WORK TO BE COMPLETED
From the entries below, return exactly the lines beginning at the one that contains "5226 Beechwood Rd, Tobyhanna" and ending at the one that contains "Volkswagen Touran 1.6", both of them included, and only those lines.

INPUT MATERIAL

⁂

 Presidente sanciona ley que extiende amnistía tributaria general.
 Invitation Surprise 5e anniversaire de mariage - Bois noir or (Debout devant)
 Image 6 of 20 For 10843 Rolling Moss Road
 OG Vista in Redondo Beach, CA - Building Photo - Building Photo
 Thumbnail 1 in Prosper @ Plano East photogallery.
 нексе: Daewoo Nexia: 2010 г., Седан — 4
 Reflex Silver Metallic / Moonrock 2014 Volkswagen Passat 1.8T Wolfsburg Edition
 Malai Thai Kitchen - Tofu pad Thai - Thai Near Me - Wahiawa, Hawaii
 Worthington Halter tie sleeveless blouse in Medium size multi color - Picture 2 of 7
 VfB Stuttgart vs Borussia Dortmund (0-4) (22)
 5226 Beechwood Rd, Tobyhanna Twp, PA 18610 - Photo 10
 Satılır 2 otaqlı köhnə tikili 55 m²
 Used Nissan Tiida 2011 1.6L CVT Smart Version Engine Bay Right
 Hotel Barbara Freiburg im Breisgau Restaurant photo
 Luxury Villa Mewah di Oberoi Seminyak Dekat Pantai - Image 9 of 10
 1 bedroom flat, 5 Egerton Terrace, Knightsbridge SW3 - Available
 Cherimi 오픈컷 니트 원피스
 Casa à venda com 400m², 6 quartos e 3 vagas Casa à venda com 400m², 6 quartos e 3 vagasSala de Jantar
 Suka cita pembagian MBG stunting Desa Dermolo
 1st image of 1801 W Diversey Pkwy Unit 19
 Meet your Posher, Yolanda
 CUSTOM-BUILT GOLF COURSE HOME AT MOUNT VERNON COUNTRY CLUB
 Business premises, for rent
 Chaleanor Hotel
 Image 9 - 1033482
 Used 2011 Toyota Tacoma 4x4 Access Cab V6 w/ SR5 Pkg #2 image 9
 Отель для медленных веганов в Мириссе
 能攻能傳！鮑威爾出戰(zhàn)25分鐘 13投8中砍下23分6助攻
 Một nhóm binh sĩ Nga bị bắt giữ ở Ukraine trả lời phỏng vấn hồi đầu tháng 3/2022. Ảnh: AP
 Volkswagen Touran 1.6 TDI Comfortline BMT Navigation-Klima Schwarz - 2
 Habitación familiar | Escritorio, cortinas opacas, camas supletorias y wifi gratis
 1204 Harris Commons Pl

⁂

RESPONSE TO THE TASK
 5226 Beechwood Rd, Tobyhanna Twp, PA 18610 - Photo 10
 Satılır 2 otaqlı köhnə tikili 55 m²
 Used Nissan Tiida 2011 1.6L CVT Smart Version Engine Bay Right
 Hotel Barbara Freiburg im Breisgau Restaurant photo
 Luxury Villa Mewah di Oberoi Seminyak Dekat Pantai - Image 9 of 10
 1 bedroom flat, 5 Egerton Terrace, Knightsbridge SW3 - Available
 Cherimi 오픈컷 니트 원피스
 Casa à venda com 400m², 6 quartos e 3 vagas Casa à venda com 400m², 6 quartos e 3 vagasSala de Jantar
 Suka cita pembagian MBG stunting Desa Dermolo
 1st image of 1801 W Diversey Pkwy Unit 19
 Meet your Posher, Yolanda
 CUSTOM-BUILT GOLF COURSE HOME AT MOUNT VERNON COUNTRY CLUB
 Business premises, for rent
 Chaleanor Hotel
 Image 9 - 1033482
 Used 2011 Toyota Tacoma 4x4 Access Cab V6 w/ SR5 Pkg #2 image 9
 Отель для медленных веганов в Мириссе
 能攻能傳！鮑威爾出戰(zhàn)25分鐘 13投8中砍下23分6助攻
 Một nhóm binh sĩ Nga bị bắt giữ ở Ukraine trả lời phỏng vấn hồi đầu tháng 3/2022. Ảnh: AP
 Volkswagen Touran 1.6 TDI Comfortline BMT Navigation-Klima Schwarz - 2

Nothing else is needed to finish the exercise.